━━━ Exercise input ━━━

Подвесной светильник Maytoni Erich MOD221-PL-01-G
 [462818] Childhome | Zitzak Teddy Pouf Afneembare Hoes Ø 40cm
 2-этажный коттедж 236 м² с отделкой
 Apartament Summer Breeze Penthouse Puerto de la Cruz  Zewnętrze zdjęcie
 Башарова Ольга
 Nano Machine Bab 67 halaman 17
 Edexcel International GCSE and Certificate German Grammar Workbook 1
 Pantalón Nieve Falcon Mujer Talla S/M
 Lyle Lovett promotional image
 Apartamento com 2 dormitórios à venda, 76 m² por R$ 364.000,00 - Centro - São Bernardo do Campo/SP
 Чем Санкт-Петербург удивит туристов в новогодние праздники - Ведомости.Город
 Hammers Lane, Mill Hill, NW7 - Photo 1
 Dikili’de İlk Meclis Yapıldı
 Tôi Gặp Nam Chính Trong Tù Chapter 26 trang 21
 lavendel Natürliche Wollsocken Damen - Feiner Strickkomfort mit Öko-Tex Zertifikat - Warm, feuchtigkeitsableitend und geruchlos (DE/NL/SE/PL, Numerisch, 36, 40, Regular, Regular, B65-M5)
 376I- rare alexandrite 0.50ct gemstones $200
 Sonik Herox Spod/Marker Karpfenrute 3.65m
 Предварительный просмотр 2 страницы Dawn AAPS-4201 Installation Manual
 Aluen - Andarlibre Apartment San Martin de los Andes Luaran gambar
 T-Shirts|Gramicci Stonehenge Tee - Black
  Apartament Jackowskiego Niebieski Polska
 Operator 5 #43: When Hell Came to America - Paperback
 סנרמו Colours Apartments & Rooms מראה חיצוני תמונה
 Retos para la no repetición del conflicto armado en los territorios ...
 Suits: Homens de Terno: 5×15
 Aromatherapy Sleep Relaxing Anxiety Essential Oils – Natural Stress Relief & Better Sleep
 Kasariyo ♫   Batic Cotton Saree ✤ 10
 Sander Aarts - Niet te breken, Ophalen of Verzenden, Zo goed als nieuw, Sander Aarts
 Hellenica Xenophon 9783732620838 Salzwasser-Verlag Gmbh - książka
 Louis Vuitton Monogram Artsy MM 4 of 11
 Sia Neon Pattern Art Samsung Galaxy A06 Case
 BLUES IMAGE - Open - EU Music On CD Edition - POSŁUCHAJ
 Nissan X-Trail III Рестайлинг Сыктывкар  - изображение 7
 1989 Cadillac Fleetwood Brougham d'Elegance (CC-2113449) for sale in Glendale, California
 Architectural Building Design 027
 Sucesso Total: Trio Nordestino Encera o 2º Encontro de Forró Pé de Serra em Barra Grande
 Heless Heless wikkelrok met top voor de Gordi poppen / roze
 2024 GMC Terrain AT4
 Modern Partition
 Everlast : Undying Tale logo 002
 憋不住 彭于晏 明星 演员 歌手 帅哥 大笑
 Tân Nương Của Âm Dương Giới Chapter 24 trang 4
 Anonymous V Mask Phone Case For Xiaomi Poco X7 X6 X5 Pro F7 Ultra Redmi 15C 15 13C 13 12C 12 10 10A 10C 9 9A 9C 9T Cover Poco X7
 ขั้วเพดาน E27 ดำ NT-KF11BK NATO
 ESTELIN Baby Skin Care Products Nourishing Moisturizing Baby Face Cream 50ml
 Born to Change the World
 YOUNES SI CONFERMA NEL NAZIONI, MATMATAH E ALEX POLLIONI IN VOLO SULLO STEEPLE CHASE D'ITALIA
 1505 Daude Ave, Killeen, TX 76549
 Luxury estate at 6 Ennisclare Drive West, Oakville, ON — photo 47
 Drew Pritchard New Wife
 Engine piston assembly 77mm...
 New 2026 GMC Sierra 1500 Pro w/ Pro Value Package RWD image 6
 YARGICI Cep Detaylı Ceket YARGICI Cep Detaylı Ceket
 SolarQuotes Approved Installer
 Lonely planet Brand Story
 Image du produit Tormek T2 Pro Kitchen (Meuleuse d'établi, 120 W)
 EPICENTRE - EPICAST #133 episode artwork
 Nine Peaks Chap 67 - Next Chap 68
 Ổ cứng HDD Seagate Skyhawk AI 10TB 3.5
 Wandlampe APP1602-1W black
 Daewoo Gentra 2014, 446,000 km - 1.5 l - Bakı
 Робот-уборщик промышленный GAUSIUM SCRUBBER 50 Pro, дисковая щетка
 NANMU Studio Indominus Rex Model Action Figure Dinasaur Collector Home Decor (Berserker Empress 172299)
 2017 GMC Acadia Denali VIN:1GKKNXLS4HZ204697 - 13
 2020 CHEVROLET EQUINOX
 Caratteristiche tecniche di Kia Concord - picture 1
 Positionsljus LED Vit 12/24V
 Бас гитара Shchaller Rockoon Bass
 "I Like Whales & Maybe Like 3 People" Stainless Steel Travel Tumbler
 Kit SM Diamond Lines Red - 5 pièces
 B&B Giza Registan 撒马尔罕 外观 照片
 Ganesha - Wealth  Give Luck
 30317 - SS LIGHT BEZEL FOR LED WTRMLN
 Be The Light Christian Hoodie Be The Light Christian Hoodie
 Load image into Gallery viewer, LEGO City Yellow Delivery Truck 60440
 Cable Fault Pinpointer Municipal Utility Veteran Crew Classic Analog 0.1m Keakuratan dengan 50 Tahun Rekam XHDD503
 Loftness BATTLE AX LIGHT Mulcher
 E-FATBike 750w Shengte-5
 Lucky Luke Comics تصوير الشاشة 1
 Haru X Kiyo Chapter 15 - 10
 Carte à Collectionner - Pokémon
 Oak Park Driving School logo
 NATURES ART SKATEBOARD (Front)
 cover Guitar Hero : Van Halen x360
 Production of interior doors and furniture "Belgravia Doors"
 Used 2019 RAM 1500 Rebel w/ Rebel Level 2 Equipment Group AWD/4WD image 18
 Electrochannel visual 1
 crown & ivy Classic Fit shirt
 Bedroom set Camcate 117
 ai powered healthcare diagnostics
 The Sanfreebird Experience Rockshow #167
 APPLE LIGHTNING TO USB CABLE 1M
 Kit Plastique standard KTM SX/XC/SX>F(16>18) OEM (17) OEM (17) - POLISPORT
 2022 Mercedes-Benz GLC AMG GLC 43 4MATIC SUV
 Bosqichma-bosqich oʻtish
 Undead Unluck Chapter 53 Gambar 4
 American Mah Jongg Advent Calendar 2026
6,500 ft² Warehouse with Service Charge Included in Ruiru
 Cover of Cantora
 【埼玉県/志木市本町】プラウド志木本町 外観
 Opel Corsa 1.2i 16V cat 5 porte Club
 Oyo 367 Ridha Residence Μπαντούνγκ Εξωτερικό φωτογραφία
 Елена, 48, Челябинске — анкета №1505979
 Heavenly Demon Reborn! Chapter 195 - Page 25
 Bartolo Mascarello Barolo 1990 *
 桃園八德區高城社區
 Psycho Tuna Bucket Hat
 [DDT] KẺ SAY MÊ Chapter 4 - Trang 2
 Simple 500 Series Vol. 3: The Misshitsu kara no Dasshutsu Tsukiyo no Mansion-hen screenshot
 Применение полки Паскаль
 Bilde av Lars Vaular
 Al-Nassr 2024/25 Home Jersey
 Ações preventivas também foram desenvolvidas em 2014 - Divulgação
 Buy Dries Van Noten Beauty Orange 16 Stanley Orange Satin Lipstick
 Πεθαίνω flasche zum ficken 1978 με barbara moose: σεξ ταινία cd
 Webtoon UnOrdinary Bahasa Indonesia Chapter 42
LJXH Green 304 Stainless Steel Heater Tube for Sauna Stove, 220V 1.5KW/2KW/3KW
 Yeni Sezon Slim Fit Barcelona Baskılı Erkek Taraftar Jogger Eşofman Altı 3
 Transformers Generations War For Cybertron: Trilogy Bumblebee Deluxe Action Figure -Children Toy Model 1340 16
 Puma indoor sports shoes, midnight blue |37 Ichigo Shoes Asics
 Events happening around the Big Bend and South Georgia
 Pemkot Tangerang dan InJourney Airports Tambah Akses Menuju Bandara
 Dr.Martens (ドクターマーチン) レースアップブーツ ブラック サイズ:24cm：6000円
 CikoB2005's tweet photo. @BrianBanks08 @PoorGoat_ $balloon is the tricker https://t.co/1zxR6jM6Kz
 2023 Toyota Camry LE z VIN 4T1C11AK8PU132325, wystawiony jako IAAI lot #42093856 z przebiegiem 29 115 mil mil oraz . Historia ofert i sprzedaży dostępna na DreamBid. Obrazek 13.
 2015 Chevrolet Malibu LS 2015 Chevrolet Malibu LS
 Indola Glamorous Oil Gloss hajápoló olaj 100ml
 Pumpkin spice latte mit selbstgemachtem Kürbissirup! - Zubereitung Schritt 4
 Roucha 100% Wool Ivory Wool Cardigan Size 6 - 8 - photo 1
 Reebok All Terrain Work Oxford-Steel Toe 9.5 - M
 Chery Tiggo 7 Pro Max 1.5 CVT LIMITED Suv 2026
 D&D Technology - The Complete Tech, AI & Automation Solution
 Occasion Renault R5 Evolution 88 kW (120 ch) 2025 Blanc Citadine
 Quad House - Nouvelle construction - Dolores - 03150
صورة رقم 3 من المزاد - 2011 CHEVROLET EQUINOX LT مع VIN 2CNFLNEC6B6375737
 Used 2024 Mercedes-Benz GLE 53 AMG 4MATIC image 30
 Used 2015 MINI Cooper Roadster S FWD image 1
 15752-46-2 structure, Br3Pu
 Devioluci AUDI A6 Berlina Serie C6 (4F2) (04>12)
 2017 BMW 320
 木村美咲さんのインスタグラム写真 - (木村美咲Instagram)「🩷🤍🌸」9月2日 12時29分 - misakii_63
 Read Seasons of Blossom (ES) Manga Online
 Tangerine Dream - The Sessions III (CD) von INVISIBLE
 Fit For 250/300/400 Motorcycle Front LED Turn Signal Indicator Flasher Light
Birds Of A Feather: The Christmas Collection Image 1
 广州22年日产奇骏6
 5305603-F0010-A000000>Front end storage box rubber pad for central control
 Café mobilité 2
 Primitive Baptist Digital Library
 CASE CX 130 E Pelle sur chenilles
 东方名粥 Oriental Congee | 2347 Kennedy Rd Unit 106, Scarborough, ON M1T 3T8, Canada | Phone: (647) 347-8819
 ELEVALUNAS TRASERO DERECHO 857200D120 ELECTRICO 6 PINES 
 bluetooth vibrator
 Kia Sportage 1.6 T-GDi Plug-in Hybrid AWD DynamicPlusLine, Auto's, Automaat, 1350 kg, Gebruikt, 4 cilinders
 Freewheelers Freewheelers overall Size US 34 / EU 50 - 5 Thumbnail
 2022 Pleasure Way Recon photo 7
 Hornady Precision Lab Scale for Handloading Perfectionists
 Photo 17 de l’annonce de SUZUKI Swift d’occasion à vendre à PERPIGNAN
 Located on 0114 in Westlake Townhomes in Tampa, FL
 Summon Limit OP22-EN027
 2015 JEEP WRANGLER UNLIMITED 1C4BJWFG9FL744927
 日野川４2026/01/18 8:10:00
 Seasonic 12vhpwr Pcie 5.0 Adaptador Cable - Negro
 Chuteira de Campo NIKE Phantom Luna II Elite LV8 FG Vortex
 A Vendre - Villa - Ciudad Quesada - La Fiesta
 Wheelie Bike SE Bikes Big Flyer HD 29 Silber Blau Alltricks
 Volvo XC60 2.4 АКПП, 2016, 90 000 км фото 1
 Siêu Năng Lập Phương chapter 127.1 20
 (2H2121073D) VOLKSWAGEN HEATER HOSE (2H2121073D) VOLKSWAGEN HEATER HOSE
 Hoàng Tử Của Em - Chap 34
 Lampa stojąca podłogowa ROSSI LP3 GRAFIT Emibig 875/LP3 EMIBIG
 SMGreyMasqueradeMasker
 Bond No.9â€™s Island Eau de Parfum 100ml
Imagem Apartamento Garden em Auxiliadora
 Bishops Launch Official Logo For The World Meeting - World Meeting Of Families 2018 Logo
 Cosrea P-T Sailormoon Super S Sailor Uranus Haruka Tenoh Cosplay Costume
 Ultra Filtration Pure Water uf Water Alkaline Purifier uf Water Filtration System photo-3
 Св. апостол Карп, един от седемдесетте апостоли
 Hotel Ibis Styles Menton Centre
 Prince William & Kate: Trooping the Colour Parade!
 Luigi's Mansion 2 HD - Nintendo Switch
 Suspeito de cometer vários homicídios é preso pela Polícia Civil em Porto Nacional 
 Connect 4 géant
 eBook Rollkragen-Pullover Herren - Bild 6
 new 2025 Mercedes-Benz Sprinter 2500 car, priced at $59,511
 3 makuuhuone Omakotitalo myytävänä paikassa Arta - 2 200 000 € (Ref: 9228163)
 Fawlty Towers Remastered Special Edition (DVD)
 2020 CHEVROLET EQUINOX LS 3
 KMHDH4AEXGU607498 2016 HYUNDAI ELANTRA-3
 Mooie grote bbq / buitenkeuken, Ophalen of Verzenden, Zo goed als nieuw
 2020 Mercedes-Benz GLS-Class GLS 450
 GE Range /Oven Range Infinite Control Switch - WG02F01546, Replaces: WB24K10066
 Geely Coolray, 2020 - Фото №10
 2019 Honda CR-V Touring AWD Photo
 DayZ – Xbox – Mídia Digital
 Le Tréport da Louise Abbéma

━━━

Activity: Reproduce exactly the section above that begins at the line containing "Puma indoor sports" and ends at the line containing "CASE CX 130 E Pelle sur chenilles", leaving out all other lines.

Exercise answer:
 Puma indoor sports shoes, midnight blue |37 Ichigo Shoes Asics
 Events happening around the Big Bend and South Georgia
 Pemkot Tangerang dan InJourney Airports Tambah Akses Menuju Bandara
 Dr.Martens (ドクターマーチン) レースアップブーツ ブラック サイズ:24cm：6000円
 CikoB2005's tweet photo. @BrianBanks08 @PoorGoat_ $balloon is the tricker https://t.co/1zxR6jM6Kz
 2023 Toyota Camry LE z VIN 4T1C11AK8PU132325, wystawiony jako IAAI lot #42093856 z przebiegiem 29 115 mil mil oraz . Historia ofert i sprzedaży dostępna na DreamBid. Obrazek 13.
 2015 Chevrolet Malibu LS 2015 Chevrolet Malibu LS
 Indola Glamorous Oil Gloss hajápoló olaj 100ml
 Pumpkin spice latte mit selbstgemachtem Kürbissirup! - Zubereitung Schritt 4
 Roucha 100% Wool Ivory Wool Cardigan Size 6 - 8 - photo 1
 Reebok All Terrain Work Oxford-Steel Toe 9.5 - M
 Chery Tiggo 7 Pro Max 1.5 CVT LIMITED Suv 2026
 D&D Technology - The Complete Tech, AI & Automation Solution
 Occasion Renault R5 Evolution 88 kW (120 ch) 2025 Blanc Citadine
 Quad House - Nouvelle construction - Dolores - 03150
صورة رقم 3 من المزاد - 2011 CHEVROLET EQUINOX LT مع VIN 2CNFLNEC6B6375737
 Used 2024 Mercedes-Benz GLE 53 AMG 4MATIC image 30
 Used 2015 MINI Cooper Roadster S FWD image 1
 15752-46-2 structure, Br3Pu
 Devioluci AUDI A6 Berlina Serie C6 (4F2) (04>12)
 2017 BMW 320
 木村美咲さんのインスタグラム写真 - (木村美咲Instagram)「🩷🤍🌸」9月2日 12時29分 - misakii_63
 Read Seasons of Blossom (ES) Manga Online
 Tangerine Dream - The Sessions III (CD) von INVISIBLE
 Fit For 250/300/400 Motorcycle Front LED Turn Signal Indicator Flasher Light
Birds Of A Feather: The Christmas Collection Image 1
 广州22年日产奇骏6
 5305603-F0010-A000000>Front end storage box rubber pad for central control
 Café mobilité 2
 Primitive Baptist Digital Library
 CASE CX 130 E Pelle sur chenilles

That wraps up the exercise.